In 1985, he was appointed coadjutor archbishop of La Serena. Two years later, he led the organising committee for St John Paul’s visit to Chile.
He became Archbishop of La Serena in 1990, and two years later Fr Manuel Hervia, a diocesan priest, made a formal complaint to the Chilean bishops’ conference, claiming he discovered Archbishop Cox engaged in sexual relations with a young man.
Following an investigation by the apostolic nunciature in Chile, Cox announced his resignation on April 16, 1997, at the age of 63.
Despite the serious nature of the allegations against him, Cox continued to play an active role in the Church. He was appointed in 1999 as president of the national commission overseeing the Jubilee Year celebrations and in March 2001 was part of the delegation representing the Chilean bishops at the Latin American bishops’ council, or CELAM, meeting in Colombia.
On the eve of the publication of an expose on Cox’s behavior in 2002, Cardinal Francisco Javier Errázuriz of Santiago, a longtime friend of Cox, said that “there were always rumors due to his distinct form of affection that was common among us. It was excessively expressive and that led to rumors by many people looking for a meaning behind it.”
Despite referring to the allegations against Archbishop Cox as “rumors,” Cardinal Errázuriz released a statement several days later asking forgiveness for those hurt by the retired archbishop’s actions.
The cardinal also cited Cox’s words to the faithful of his former diocese, “I ask forgiveness for this dark side within me and which is against the Gospel.”
In 2012, after being diagnosed with cancer, Cox was transferred to Vallendar, Germany where the Schonstatt movement’s headquarters is located. He still resides there and is reportedly suffering from dementia.
The Vatican said Cox will “continue to be a part of the Institute of the Schonstatt Fathers.”
Former Bishop Órdenes was appointed to lead the Diocese of Iquique in 2006 by Pope Benedict XVI, making him the youngest bishop in Chile at the time.

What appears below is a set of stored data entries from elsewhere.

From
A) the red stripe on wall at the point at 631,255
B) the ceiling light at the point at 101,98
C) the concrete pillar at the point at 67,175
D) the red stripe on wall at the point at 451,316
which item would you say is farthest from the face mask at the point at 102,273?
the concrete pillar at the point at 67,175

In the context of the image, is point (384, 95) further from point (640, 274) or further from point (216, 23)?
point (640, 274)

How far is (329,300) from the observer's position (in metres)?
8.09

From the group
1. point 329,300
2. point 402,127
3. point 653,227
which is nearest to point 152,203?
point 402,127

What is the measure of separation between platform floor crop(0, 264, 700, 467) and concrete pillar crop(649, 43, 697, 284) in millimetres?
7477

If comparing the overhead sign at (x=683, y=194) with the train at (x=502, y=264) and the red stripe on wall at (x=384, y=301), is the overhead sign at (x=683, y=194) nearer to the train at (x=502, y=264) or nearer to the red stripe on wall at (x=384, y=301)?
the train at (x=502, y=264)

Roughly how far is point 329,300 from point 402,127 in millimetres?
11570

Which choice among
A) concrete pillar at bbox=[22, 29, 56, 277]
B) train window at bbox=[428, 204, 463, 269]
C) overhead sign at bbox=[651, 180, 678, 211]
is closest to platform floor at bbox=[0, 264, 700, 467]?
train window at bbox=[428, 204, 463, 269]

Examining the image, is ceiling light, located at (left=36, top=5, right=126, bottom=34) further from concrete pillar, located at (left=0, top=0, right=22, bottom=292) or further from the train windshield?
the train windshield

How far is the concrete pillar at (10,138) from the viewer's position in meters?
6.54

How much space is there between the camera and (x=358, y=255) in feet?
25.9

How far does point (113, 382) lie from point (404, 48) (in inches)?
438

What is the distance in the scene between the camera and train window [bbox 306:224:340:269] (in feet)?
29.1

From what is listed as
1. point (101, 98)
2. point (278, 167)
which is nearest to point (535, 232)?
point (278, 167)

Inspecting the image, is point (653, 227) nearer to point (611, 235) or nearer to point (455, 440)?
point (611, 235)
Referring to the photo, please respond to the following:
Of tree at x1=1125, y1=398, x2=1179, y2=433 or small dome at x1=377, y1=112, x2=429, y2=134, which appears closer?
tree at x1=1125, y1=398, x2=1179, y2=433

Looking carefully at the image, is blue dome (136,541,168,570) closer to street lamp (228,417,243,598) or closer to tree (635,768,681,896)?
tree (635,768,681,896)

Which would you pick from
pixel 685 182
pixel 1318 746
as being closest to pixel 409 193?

Nearly six years later, Bishop Órdenes became the subject of an investigation by the apostolic nunciature in Chile after an accusation of sexual abuse was made against him in April 2012.
Rodrigo Pino later announced publicly that he was the person who had reported the abuse by Órdenes; Pino alleged the abuse occurred in 1997 when was 15 years old.

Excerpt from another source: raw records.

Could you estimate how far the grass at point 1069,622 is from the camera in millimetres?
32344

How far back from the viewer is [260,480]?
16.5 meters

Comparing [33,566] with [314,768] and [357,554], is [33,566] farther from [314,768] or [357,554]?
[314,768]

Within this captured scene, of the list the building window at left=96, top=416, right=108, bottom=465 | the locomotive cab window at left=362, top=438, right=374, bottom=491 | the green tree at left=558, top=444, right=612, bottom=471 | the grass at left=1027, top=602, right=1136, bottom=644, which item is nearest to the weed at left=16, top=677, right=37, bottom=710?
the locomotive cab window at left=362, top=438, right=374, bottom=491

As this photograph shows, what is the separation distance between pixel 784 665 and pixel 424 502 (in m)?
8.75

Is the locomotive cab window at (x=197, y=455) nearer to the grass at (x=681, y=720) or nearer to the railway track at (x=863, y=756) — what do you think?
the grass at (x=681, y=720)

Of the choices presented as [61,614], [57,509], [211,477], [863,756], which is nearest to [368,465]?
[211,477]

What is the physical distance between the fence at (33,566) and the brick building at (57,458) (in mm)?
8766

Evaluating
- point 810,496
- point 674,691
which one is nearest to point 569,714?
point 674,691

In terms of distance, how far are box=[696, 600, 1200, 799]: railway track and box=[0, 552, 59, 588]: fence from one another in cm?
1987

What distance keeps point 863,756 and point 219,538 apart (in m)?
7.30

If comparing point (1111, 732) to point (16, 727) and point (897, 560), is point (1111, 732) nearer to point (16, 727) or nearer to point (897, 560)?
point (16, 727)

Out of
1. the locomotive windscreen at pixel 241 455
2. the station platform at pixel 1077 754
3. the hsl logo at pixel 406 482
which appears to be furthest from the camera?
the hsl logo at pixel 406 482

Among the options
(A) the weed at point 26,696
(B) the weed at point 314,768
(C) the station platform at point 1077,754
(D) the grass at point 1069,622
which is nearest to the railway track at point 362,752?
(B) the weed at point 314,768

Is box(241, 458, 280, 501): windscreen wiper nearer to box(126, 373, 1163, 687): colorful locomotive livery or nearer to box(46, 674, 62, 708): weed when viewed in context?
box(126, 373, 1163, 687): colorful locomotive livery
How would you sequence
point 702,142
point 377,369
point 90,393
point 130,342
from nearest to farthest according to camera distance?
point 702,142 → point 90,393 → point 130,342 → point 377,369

Pino claimed it turned into a romantic relationship and that he reported his accusation to authorities in 2008 and then to the nunciature in 2012 after he learned that another minor had made an accusation of abuse against Órdenes in 2009.

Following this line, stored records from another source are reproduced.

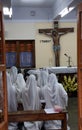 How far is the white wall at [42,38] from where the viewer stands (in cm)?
891

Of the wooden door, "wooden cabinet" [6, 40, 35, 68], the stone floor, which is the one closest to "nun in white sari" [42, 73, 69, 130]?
the stone floor

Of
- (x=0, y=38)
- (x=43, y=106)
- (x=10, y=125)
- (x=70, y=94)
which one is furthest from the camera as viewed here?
(x=70, y=94)

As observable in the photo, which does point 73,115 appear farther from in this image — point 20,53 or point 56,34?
point 20,53

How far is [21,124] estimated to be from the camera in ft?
14.4

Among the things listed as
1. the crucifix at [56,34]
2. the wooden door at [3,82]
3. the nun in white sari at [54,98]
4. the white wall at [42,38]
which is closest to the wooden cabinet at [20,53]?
the white wall at [42,38]

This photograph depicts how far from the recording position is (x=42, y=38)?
904 centimetres

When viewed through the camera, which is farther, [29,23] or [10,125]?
[29,23]

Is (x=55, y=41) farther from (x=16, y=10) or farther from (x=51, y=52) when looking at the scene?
(x=16, y=10)

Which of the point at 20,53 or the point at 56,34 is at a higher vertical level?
the point at 56,34

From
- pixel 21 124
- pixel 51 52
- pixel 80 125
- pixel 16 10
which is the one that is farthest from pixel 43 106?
pixel 16 10

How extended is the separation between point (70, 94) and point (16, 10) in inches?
143

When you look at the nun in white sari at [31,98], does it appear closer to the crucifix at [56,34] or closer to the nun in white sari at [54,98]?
the nun in white sari at [54,98]

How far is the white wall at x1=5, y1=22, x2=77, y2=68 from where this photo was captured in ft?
29.2

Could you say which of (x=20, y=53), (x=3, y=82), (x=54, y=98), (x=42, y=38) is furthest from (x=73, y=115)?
(x=20, y=53) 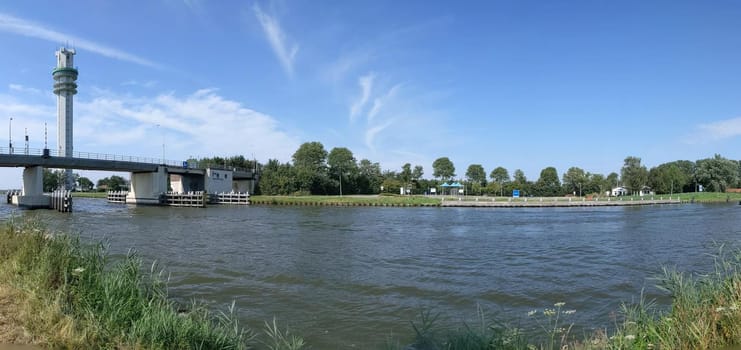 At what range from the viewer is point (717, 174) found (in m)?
97.7

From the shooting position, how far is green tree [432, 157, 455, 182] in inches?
4520

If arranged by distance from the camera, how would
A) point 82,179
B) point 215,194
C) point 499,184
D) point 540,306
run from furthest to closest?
point 82,179
point 499,184
point 215,194
point 540,306

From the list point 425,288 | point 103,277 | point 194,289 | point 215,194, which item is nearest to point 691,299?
point 425,288

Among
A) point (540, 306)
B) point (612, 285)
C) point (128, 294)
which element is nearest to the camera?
point (128, 294)

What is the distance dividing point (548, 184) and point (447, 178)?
26.4 meters

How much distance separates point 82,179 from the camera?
146 meters

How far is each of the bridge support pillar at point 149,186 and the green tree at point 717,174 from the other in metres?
118

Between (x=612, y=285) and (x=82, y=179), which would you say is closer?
(x=612, y=285)

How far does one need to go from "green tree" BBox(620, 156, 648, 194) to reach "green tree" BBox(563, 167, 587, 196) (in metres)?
9.04

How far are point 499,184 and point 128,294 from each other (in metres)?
106

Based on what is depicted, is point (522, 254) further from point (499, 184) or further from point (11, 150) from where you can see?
point (499, 184)

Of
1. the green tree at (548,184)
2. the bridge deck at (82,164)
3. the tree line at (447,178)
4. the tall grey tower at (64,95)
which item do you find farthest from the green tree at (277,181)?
the green tree at (548,184)

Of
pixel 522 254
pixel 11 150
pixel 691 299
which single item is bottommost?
pixel 522 254

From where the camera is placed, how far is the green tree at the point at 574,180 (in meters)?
107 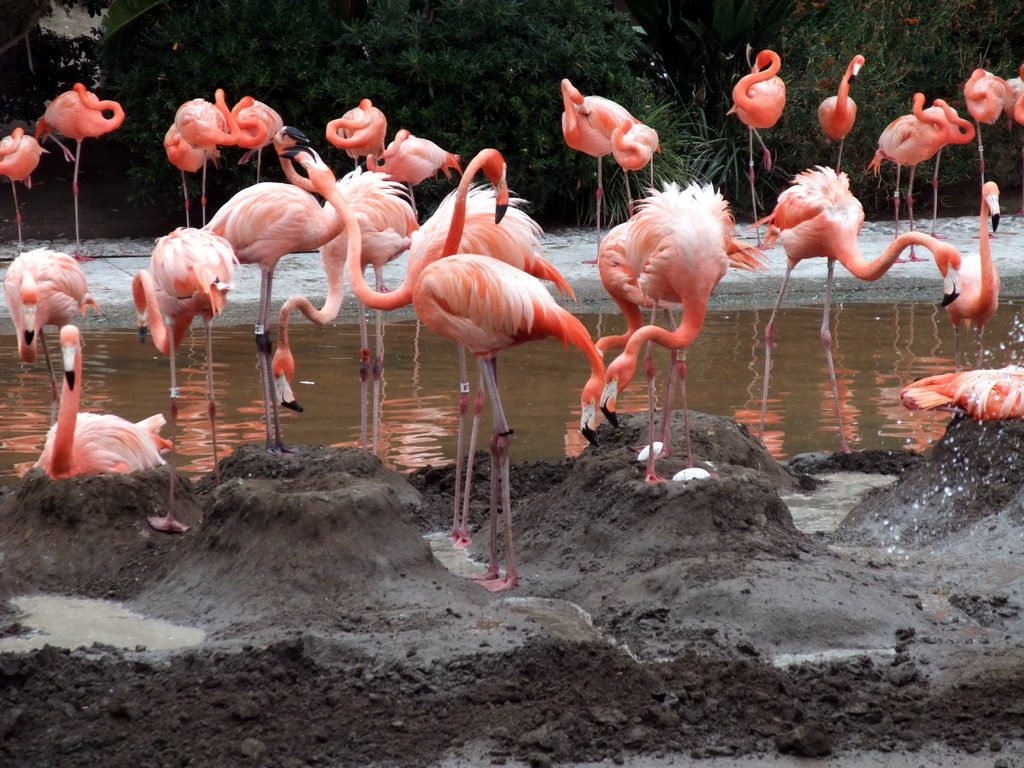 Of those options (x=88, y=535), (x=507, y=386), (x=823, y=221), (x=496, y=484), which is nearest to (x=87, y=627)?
(x=88, y=535)

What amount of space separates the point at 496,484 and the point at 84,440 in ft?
5.18

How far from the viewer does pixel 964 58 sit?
16.2 metres

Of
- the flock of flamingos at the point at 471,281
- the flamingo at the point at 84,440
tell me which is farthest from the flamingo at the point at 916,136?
the flamingo at the point at 84,440

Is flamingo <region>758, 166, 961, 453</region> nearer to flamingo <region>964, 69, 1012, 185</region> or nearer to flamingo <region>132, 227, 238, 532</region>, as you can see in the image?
flamingo <region>132, 227, 238, 532</region>

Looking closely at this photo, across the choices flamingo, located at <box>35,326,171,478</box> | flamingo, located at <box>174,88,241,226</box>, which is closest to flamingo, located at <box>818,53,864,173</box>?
flamingo, located at <box>174,88,241,226</box>

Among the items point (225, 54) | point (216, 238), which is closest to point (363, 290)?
point (216, 238)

Prosecutors in Iquique confirmed on October 2, 2012, that the accusation was made but was closed due to lack of evidence.
Pino also produced a recording of a conversation he allegedly had with Órdenes, confronting him about the alleged abuse of the second victim.
In the recording, a voice attributed to Órdenes told Pino, “I experienced affection with you, I felt I was loving you,” while the relationship with the other minor “was just an arousal.”
In an interview in 2012 with the Chilean newspaper La Tercera, then-Bishop Órdenes acknowledged “having had an imprudent act with him, of which I repent and I asked for forgiveness in that moment.”
“It was an isolated situation,” he said. “But I did maintain with him an affectionate bond, of care, of trying to help him in many difficult personal situations which I should not speak about because they are his (situations).”
However, Órdenes claimed that it “wasn’t with a minor,” saying Pino was 17 years old at the time of the alleged abuse.
Three days after his interview, his resignation was accepted by Pope Benedict.
The charges against him were dismissed in Chile and an appeals court upheld the decision in 2018, stating that it was not possible to “verify the events reported in December 2008.”
The Vatican said that both former bishops were notified of the Pope’s decision by the Congregation for the Doctrine of the Faith through “their respective superiors in their respective residences.